Dalam dunia jasa konstruksi, produktivitas tenaga kerja adalah salah satu faktor penentu keberhasilan sebuah proyek pembangunan. Dalam mengukur tingkat produktivitas tenaga kerja ada berbagai macam cara, misalnya dengan meneliti dengan metode SNI, yaitu meneliti durasi pekerjaan dan volume pekerjan dalam bekerja, dan dengan meneliti besarnya tingkat LUR (Labour Utilitation Rate) masing-masing pekerja, yaitu meneliti sampai seberapa tingkat efektivitas pekerja dalam bekerja. Besarnya tingkat produktivitas tenaga kerja dipengaruhi oleh banyak faktor, diantaranya adalah faktor umur atau usia pekerja, kondisi lapangan dan sarana bantu, keahlian pekerja, pengalaman kerja, kesesuaian upah, kesehatan pekerja, keselamatan kerja, koordinasi dan perencanaan, pengawasan, manajerial atau manajemen lapangan. Tujuan dari penelitian ini adalah untuk menganalisis faktor-faktor apa saja yang mempengaruhi produktivitas tenaga kerja. Penelitian ini dilakukan di proyek pembangunan Ruang Kelas Baru SMK Kristen Harapan Rantepao, penelitian dilakukan dengan cara mengamati tingkat produktivitas 6 tenaga kerja dan disertai pengisian kuesioner.

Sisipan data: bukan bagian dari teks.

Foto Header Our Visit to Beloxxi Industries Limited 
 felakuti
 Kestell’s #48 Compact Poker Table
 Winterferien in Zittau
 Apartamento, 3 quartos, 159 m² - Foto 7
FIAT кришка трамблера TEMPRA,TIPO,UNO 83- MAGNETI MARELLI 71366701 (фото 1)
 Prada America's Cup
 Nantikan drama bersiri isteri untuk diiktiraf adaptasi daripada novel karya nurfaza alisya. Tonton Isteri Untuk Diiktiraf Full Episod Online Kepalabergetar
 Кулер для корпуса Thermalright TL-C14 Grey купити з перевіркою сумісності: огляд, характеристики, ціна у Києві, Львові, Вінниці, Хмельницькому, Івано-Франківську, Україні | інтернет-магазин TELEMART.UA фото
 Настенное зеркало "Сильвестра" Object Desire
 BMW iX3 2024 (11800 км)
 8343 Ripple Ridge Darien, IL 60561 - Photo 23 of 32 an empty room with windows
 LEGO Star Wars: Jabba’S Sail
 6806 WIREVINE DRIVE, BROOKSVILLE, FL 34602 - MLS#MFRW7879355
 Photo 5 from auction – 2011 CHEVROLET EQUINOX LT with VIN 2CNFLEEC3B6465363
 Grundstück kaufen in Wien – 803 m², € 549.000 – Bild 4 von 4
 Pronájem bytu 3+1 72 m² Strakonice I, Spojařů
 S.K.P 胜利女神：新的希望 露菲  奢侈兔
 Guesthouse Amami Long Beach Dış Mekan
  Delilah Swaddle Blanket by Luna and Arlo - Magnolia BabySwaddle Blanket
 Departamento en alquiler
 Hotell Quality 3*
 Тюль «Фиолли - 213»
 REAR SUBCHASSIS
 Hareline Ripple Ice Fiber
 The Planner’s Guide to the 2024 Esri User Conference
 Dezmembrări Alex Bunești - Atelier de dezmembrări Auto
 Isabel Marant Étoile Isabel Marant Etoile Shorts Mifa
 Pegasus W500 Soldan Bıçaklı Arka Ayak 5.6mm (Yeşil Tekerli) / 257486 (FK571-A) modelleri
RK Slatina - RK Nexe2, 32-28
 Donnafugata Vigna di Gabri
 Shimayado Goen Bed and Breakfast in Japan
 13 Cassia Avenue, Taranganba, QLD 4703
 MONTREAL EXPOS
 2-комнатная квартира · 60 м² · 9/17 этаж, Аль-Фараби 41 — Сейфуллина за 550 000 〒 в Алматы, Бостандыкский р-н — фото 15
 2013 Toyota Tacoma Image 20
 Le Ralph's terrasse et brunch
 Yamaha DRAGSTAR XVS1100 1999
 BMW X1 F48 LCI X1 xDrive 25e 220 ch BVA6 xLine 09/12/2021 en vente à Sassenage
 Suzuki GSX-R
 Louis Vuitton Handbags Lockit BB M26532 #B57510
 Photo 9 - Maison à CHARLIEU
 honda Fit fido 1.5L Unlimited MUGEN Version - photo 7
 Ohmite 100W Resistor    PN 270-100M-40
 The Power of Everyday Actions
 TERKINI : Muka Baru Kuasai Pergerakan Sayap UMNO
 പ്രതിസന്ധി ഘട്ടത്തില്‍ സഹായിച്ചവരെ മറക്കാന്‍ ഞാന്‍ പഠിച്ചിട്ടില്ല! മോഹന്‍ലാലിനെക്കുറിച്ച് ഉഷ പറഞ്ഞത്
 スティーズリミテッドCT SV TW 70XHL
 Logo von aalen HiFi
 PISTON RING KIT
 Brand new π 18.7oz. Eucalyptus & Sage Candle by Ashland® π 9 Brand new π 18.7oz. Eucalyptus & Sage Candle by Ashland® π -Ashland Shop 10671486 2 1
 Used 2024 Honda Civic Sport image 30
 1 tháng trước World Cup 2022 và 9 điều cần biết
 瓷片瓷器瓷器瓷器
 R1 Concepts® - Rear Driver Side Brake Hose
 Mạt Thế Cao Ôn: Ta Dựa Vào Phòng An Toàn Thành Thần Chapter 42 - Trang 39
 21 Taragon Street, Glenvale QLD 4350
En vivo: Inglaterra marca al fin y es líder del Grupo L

Pengamatan tingkat produktivitas (LUR) dilakukan selama 5 hari pada masing-masing pekerja. Dari hasil pengumpulan data, baik data produktivitas dan kuesioner dilakukan proses pengolahan data dengan bantuan komputer program SPSS (Statistical Package for Social Science) versi 20. Dari analisis data yang telah dilakukan dapat diketahui bahwa rata-rata tingkat produktivitas tenaga kerja dengan metode/cara SNI total sebesar 0,125 m2/menit. Sedangkan tingkat produktivitas (LUR) pekerja rata-rata sebesar 72,25%, berarti cukup produktif karena lebih dari 50 %. Variabel yang telah ditentukan ternyata signifikasinya 0,075 > 0,05 (sig yang disyaratkan) maka secara simulatan tidak berpengaruh terhadap besarnya tingkat produktivitas. Secara parsial variabel yamg mempunyai pengaruh signifikan adalah pengalaman kerja dengan sig = 0,010 < 0,05 , kesehatan pekerja dengan sig.t = 0,041 < 0,05 , keselamatan kerja dengan sig.t = 0,041 < 0,05 , koordinasi dan perencanaan dengan sig.t = 0,041 < 0,05 , pengawasan dengan sig.t = 0,041 < 0,05 , dan manajerial dengan sig.t = 0,041 < 0,05. Pengalaman kerja mempunyai pengaruh yang dominan dengan nilai beta 0,917.